The old-fashioned funds with a great record on dividends

| August 12, 2012 | 0 Comments

By
Richard Dyson

16:06 EST, 11 August 2012


|

16:06 EST, 11 August 2012

The income drought is many savers’ biggest worry. But some shrewd investments made years ago are, for some, proving their worth by paying a rich and consistent income.

So where should today’s investors put their money with the aim of delivering a reliable income now and in ten, 20 or even 30 years’ time?

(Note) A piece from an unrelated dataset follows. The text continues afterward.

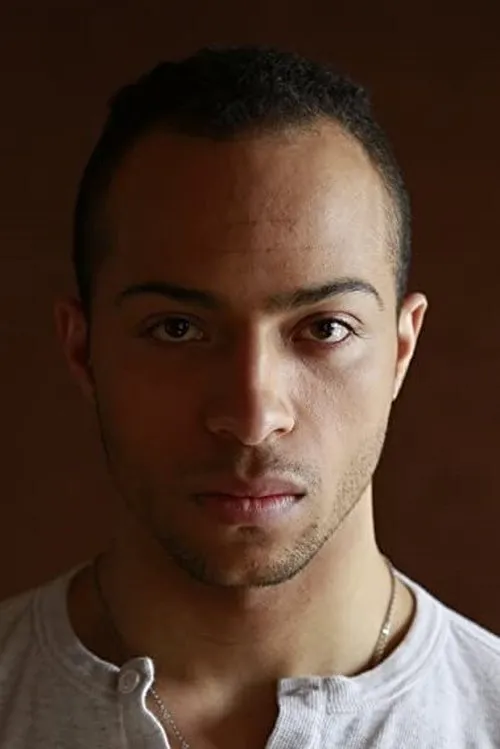 Gerard McNamee ha trabajado con Jake Lewis en 1 ocasiones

A group of funds attracting renewed interest are investment trusts – particularly those with long histories of paying dividends.

Confidence: Barry Long puts his money into funds that have survived wars and depressions

Confidence: Barry Long puts his money into funds that have survived wars and depressions

Until recently dismissed as ‘dinosaurs’, these funds, which are structured as companies and exist solely to safeguard shareholders’ wealth and pay an annual divi, are coming back to the fore.

‘Spivvy investments have had their day,’ says Simon Moore, head of research at financial adviser Bestinvest in Mayfair, central London. ‘After the dotcom boom and the banking crisis, investors want old-fashioned virtues, they want pedigree, they want a good track record.’

And many investment trusts, with their Victorian origins and focus on preserving investors’ capital and paying a regular dividend, fit the bill. A large number have survived two world wars. An elite group can also boast to have increased the dividend they pay to shareholders every year for more than 20 years – financial crisis or not.

‘Before the crisis those attributes might have been derided as boring,’ says Moore. ‘But the crisis has shown that in investment, as in banking, boring can be good.’

Investment trusts are like other funds in that savers’ money is pooled and used to buy a range of assets, usually shares in other businesses. Bonds, property and other investments might also be bought.

A trust has a board of directors to represent shareholders’ interests. The board appoints a fund manager, negotiates the manager’s contract and then checks that performance remains strong.

Different trusts have different objectives, but those gaining most interest today are the ‘divi dears’ – typically large, globally invested, income-oriented portfolios with decades of track record behind them.

Barry Long started building a portfolio of investment trust shares between 15 and 20 years ago, using what were then Peps – subsequently replaced by Isas – to shield his holdings from tax. Today he has a portfolio of many investment trusts, including divi-paying giants such as Scottish American, Temple Bar, Alliance and British Empire Securities.
Many of these holdings now produce a valuable income.

Shares in Temple Bar, for instance, cost 295p each in 1992. Today each pays a divi of more than 35p a year – equivalent to a yield of 12 per cent on his original investment.
And with shares in Temple Bar trading currently at 948p, he has enjoyed more than 200 per cent capital growth to boot.

Barry, 64, a retired solicitor, says: ‘I am a great believer in looking at the track record of an investment vehicle and these trusts have substantial histories.

‘The fact they’ve survived wars, depressions, the lot – it gives me confidence.’

Barry and his wife Angela, 60, who live in Rotherham, South Yorkshire, have not yet drawn income from their investment trust holdings. Instead, they have reinvested the divis as they’ve gone along.

But Barry says: ‘The dividends are clearly an important part of the overall return. If we need to draw that income, we can. It’s there.’

table.jpg

The table above shows six investment trusts selected from the two sectors most focused on delivering dividend income to investors – UK Growth and Income, and Global Growth and Income.
The trusts have been paying a dividend that has grown, year on year, for the longest period.

By comparing the dividend currently paid (in the first column) to the share price today, you get a current yield – in most cases between four and six per cent.
T

he share prices from ten and 20 years ago (the last two columns) show what the dividend is today relative to investments made in the past. These historic prices also show the extent to which the value of shareholders’ capital has been enhanced, or not.

In the case of Scottish American, for instance, shareholders saw no growth in share price between 1992 and 2002. This was due to disastrous losses in the years 2000 and 2001, when the company’s value halved. The board of Scottish American subsequently replaced the fund manager.

Philippa Gee of Philippa Gee Wealth Management in Church Stretton, Shropshire, warns: ‘Bear in mind these investments are not risk free. They suit mature investors who are going to own these shares for many, many years and who will not worry about how the share price fluctuates in the meantime.

‘For many, it is absolutely right to focus on dividends – and these are investments that should definitely play a part.’

Most big investment trusts, including those shown here, offer dealing facilities allowing savers to buy shares. It is often more convenient to use a low-cost broker such as Alliance Trust Savings, Hargreaves Lansdown, Barclays Stockbrokers or Clubfinance where different trusts’ shares can be managed together in a single portfolio and held within an Isa or pension account.